Si noti che le società rappresentate sono nel 14% inferiore di tutte le società indiane in termini di capitalizzazione di mercato.
- Avg. volume: 47.822 Attività nette: $ 282, 33 milioni Resa: 2, 54% Rendimento 2017: 60, 86% Rendimento YTD 2018: -14, 82% Rapporto di spesa: (netto) 0, 75%
4. L'ETF Van -ck Vectors India Small-Cap (SCIF)
Per gli investitori a cui piacciono sia i titoli small cap sia i titoli indiani, SCIF è un'opportunità per investire in questo paniere specializzato di titoli: l'indice MVIS India Small Cap.
Il fondo può utilizzare ricevute di deposito oltre a investire direttamente in titoli dall'indice. Si noti che le società con micro cap sono incluse nell'indice, quindi questo investimento può comportare un rischio maggiore.
- Avg. volume: 45.365 Attività nette: $ 216, 20 milioni Resa: 0, 14% rendimento 2017: 66, 34% Ritorno anno 2018: -26, 32% Rapporto spese (netto): 0, 72%
5. ETF Columbia India Infrastructure (INXX)
Questo ETF segue l'indice India Infrastructure Index come benchmark. Almeno l'80% delle attività è destinato a società elencate nell'indice.
L'attenzione si concentra sulle aziende coinvolte nelle infrastrutture, quindi si tratterebbe di un investimento per coloro che pensano che l'India probabilmente farà crescere le sue infrastrutture per soddisfare le esigenze della seconda popolazione mondiale (dietro la Cina). Questo focus offre agli investitori l'opportunità di investire in una fetta ristretta dell'economia indiana.

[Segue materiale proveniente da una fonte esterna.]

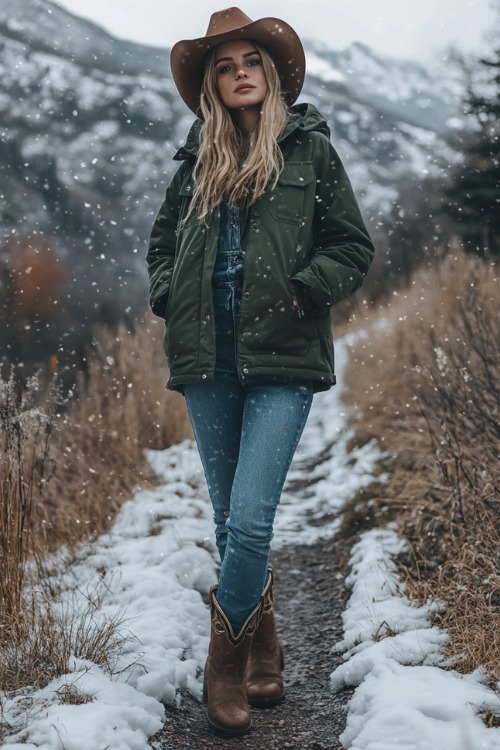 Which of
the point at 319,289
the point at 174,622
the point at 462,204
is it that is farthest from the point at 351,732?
the point at 462,204

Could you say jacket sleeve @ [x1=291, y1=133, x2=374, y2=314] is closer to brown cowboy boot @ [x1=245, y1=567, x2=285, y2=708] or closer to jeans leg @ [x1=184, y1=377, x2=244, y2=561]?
jeans leg @ [x1=184, y1=377, x2=244, y2=561]

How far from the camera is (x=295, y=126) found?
243 cm

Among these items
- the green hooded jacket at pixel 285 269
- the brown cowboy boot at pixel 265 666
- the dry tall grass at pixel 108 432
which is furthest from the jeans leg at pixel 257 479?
the dry tall grass at pixel 108 432

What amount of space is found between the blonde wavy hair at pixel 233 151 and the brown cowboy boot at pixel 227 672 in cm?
133

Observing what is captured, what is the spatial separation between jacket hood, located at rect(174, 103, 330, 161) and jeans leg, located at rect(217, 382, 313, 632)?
0.85 m

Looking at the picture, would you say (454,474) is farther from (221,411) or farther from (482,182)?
(482,182)

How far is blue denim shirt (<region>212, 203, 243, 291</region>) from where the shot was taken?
2.38 meters

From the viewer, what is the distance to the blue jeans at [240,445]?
2281 mm

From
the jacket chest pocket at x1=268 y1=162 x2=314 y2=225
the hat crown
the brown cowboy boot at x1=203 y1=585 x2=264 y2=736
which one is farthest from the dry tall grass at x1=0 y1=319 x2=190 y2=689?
the hat crown

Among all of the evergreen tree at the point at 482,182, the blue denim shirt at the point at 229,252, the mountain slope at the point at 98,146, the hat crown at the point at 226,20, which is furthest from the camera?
the mountain slope at the point at 98,146

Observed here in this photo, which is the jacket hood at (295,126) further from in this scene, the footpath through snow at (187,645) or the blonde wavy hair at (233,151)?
the footpath through snow at (187,645)

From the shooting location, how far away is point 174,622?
3027 millimetres

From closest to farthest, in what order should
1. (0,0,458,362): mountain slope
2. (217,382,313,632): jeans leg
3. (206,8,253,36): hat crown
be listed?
1. (217,382,313,632): jeans leg
2. (206,8,253,36): hat crown
3. (0,0,458,362): mountain slope

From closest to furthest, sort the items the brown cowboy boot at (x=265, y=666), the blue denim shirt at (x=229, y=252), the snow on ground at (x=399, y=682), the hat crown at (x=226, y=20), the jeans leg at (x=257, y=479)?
the snow on ground at (x=399, y=682)
the jeans leg at (x=257, y=479)
the blue denim shirt at (x=229, y=252)
the hat crown at (x=226, y=20)
the brown cowboy boot at (x=265, y=666) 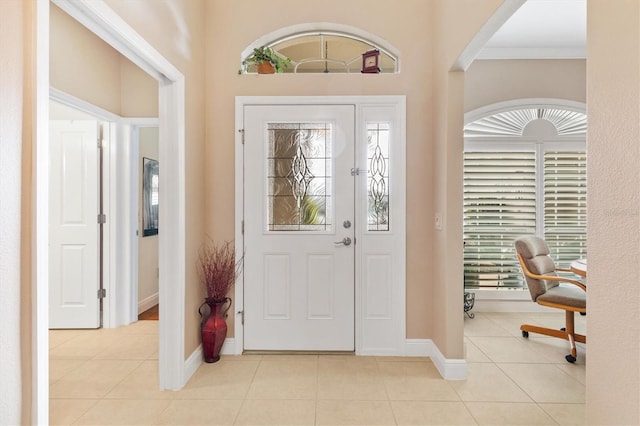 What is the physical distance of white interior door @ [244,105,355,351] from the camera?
3.04 meters

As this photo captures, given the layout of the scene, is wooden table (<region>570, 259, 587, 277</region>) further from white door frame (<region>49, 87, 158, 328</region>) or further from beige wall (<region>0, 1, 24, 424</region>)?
white door frame (<region>49, 87, 158, 328</region>)

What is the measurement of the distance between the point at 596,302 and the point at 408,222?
1893 mm

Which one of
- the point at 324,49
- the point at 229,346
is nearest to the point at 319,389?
the point at 229,346

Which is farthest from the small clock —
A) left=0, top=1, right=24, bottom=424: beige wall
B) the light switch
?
left=0, top=1, right=24, bottom=424: beige wall

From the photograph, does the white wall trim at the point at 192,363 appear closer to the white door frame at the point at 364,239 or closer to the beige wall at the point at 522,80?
the white door frame at the point at 364,239

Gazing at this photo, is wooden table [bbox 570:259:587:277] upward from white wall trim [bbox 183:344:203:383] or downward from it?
upward

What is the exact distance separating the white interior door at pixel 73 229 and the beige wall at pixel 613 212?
4.00 meters

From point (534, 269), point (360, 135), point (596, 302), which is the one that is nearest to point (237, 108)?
point (360, 135)

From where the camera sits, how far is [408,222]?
302 centimetres

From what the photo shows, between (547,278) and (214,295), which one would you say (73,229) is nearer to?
(214,295)

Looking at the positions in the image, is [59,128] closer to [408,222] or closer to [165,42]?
[165,42]

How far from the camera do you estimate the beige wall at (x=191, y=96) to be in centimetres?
230

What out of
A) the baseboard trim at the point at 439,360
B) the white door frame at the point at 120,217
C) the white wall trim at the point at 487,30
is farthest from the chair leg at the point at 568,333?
the white door frame at the point at 120,217

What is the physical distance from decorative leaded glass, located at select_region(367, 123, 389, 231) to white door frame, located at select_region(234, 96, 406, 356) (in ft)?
0.25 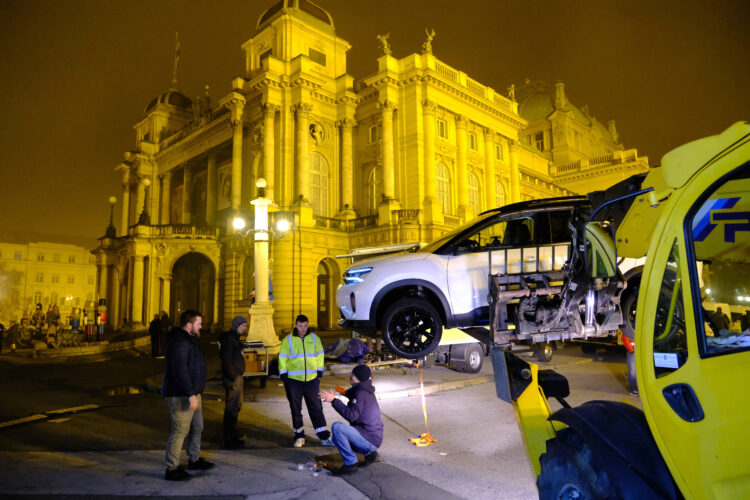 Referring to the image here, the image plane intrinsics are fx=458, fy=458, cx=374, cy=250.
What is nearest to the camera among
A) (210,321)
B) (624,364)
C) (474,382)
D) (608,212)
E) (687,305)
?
(687,305)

- Avg. volume: 9.501 Attività nette: $ 36, 74 milioni Resa: 0, 76% Rendimento 2017: 49, 44% Rendimento YTD 2018: -15, 85% Rapporto di spesa (netto): 0, 84%
La linea di fondo
Per coloro che sono disposti ad assumersi maggiori rischi per ottenere rendimenti più elevati, questi cinque ETF offrono esposizione ai mercati emergenti dell'India. Ma un investimento in questi ETF dovrebbe essere attentamente monitorato. Poiché gli ETF operano come titoli azionari, un investitore cauto può vendere azioni quando i rendimenti non sono più interessanti.